* Data records:
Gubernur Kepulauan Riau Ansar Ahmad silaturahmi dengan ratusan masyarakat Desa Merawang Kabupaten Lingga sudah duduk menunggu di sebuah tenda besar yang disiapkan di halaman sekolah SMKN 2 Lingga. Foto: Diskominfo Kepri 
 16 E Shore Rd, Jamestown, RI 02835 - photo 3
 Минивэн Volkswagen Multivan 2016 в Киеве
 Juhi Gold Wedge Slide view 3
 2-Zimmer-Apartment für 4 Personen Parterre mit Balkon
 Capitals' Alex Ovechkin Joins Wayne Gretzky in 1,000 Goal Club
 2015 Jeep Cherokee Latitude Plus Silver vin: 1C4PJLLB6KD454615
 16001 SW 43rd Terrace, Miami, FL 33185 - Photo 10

* What is expected: Take the listing above and write it out again exactly.

* Written solution:
Gubernur Kepulauan Riau Ansar Ahmad silaturahmi dengan ratusan masyarakat Desa Merawang Kabupaten Lingga sudah duduk menunggu di sebuah tenda besar yang disiapkan di halaman sekolah SMKN 2 Lingga. Foto: Diskominfo Kepri 
 16 E Shore Rd, Jamestown, RI 02835 - photo 3
 Минивэн Volkswagen Multivan 2016 в Киеве
 Juhi Gold Wedge Slide view 3
 2-Zimmer-Apartment für 4 Personen Parterre mit Balkon
 Capitals' Alex Ovechkin Joins Wayne Gretzky in 1,000 Goal Club
 2015 Jeep Cherokee Latitude Plus Silver vin: 1C4PJLLB6KD454615
 16001 SW 43rd Terrace, Miami, FL 33185 - Photo 10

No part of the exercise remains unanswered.